Le processus de négociation et les interactions entre les acteurs ont produit une réalité nouvelle avec des concepts négociés qui une fois stabilisés servaient de point d’appui à la construction de nouveaux débats et de nouvelles réalités, et de nouveaux positionnements des acteurs. La création de “ valeur nouvelle ” (Lax, Sebenius, 1995) est possible grâce à une négociation coopérative dans laquelle les négociateurs ne se limitent à exprimer des revendications de valeur, ni même à rechercher a minima des solutions mutuellement acceptables, mais créent des réalités nouvelles. Le concept de normes internationales de comportement ou celui des relations personnelles, sont des valeurs nouvelles permettant de dépasser le clivage entre les visions contractualistes ou institutionnalistes de la responsabilité sociétale pour le premier terme, ou la question conflictuelle sur les orientations sexuelles pour le second.

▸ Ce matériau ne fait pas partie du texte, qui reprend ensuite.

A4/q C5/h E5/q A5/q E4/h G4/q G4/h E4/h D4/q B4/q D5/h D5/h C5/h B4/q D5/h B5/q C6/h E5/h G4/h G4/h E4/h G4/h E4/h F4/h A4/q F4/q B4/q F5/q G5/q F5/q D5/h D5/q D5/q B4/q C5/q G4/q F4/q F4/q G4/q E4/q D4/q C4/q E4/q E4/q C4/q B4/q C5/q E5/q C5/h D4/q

C’est-à-dire que dans ce processus, les compromis intermédiaires et puis finalement le document final ont joué un rôle d’actant médiateur. Le texte a été la production d’un réseau hybride qui réunissait des acteurs humains, des organisations qu’ils sont sensés représenter, les processus et quelques concepts clés. Les concepts interagissaient sur des acteurs qui avaient des rationalités très différentes, ouvrant la porte à des interprétations variées et donc à de nouvelles potentialités. Ces acteurs, en situation de rationalité limitée du fait que nul ne pouvait dominer l’ensemble des questions, se livraient à des traductions et donc des écarts d’interprétation des mêmes termes.

Le texte final a été le résultat d’un travail limité à quelques centaines d’experts qui ont appris à se connaitre et à avoir (ou non) confiance. Le texte dans son imperfection, voire ses incohérences, ne peut être dissocié de sa genèse, qui permet de le comprendre. Les experts en ont conscience, savent toute l’énergie dépensée pour trouver un accord sur un mot, ou au contraire les trous béants sur lesquels aucun consensus n’était possible et qui devaient être contournés soigneusement.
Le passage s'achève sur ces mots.